■ **PROBLEM**: The task for the listing below is to write out exactly the lines starting at the one containing "Credit Card Holder" and ending at the one containing "modern glossy red get now 3D vector icon", both included. Pictures are to be omitted.

■ **RECORDS PROVIDED**:

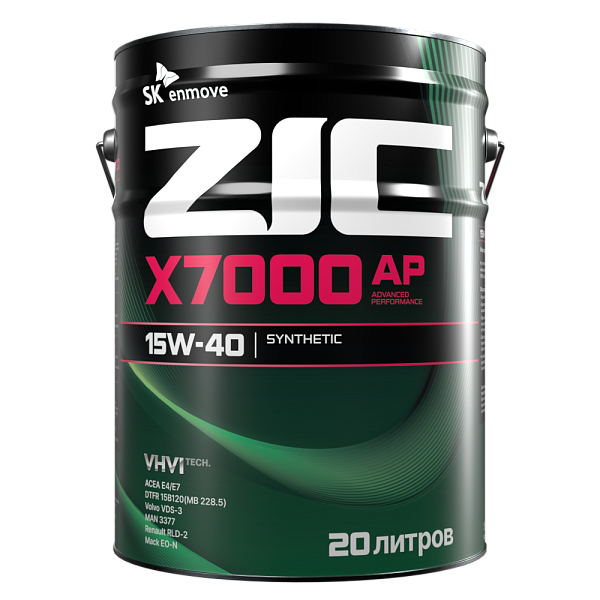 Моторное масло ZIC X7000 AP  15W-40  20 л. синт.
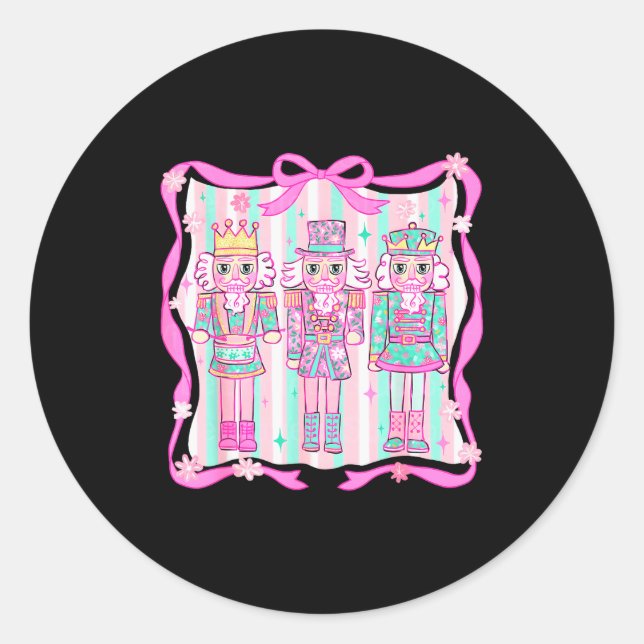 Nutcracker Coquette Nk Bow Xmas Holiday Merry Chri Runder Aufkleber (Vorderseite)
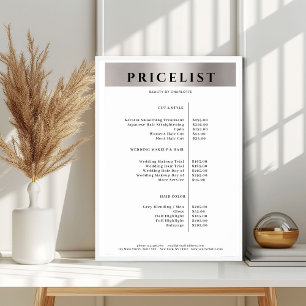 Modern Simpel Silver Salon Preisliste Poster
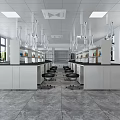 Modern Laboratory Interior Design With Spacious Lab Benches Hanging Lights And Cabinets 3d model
* * *
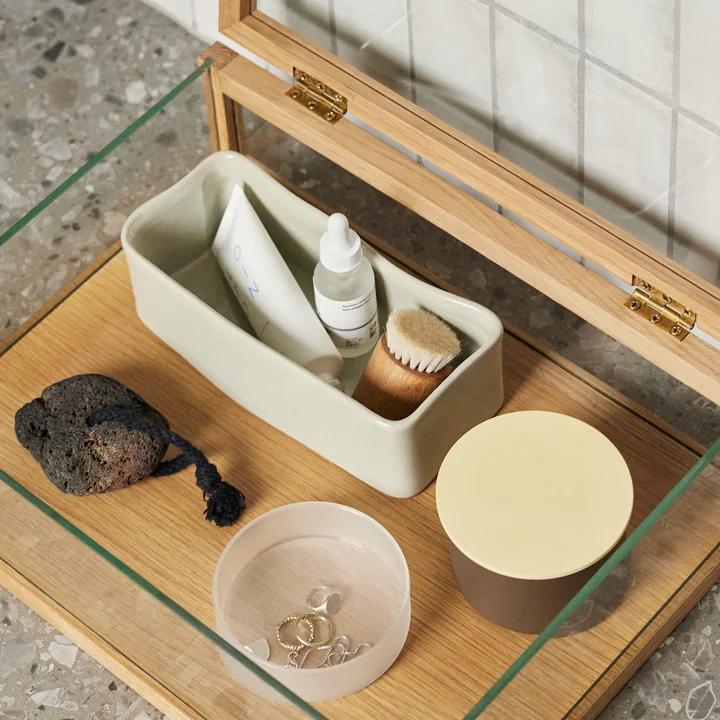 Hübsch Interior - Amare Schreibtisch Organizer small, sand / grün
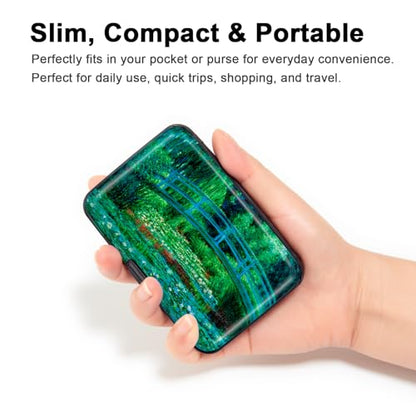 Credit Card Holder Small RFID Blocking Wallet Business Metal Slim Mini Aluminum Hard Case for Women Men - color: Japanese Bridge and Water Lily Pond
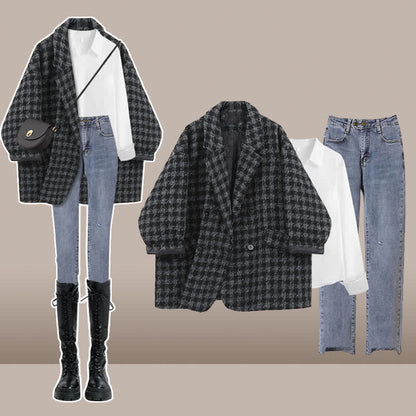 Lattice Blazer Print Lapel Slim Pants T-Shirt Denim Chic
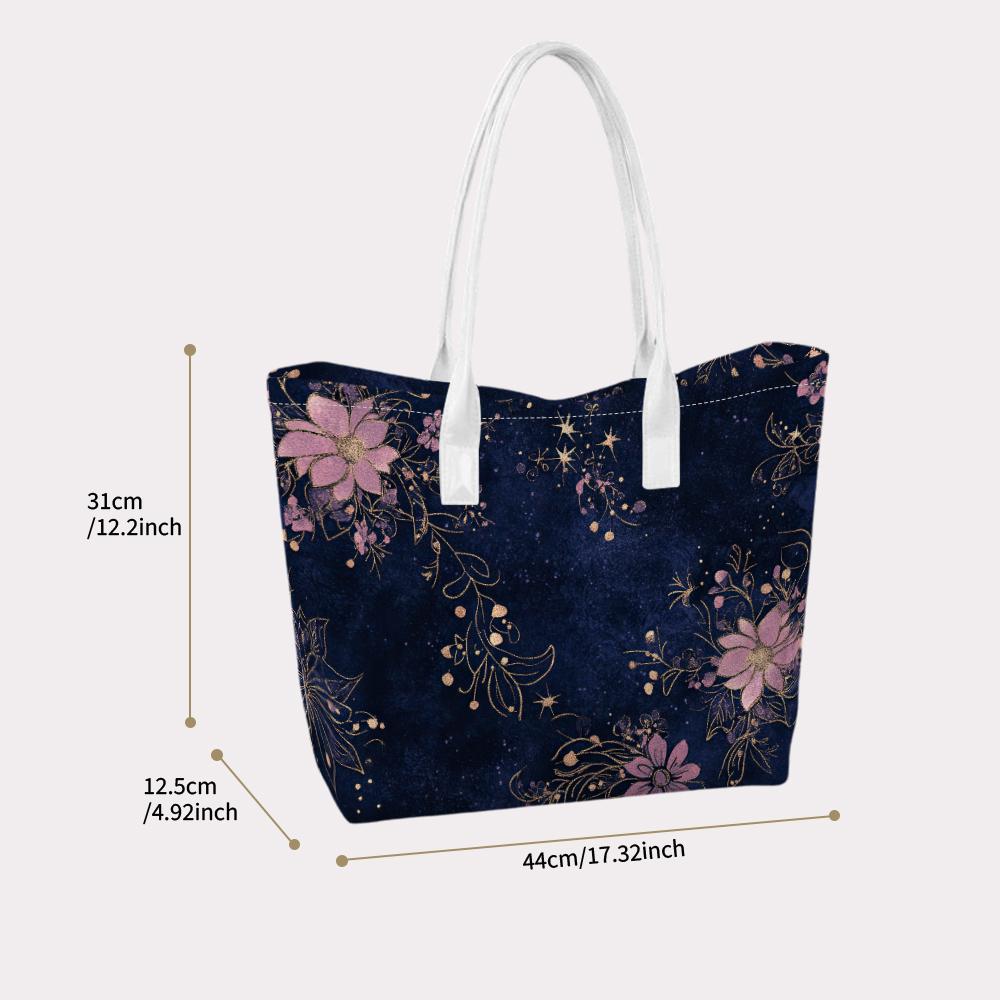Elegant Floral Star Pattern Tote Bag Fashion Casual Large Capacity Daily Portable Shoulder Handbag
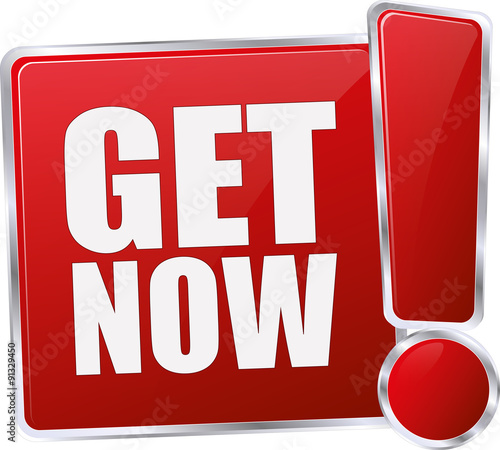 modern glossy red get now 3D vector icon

■ **RESPONSE BELOW**:
 Credit Card Holder Small RFID Blocking Wallet Business Metal Slim Mini Aluminum Hard Case for Women Men - color: Japanese Bridge and Water Lily Pond
 Lattice Blazer Print Lapel Slim Pants T-Shirt Denim Chic
Elegant Floral Star Pattern Tote Bag Fashion Casual Large Capacity Daily Portable Shoulder Handbag
 modern glossy red get now 3D vector icon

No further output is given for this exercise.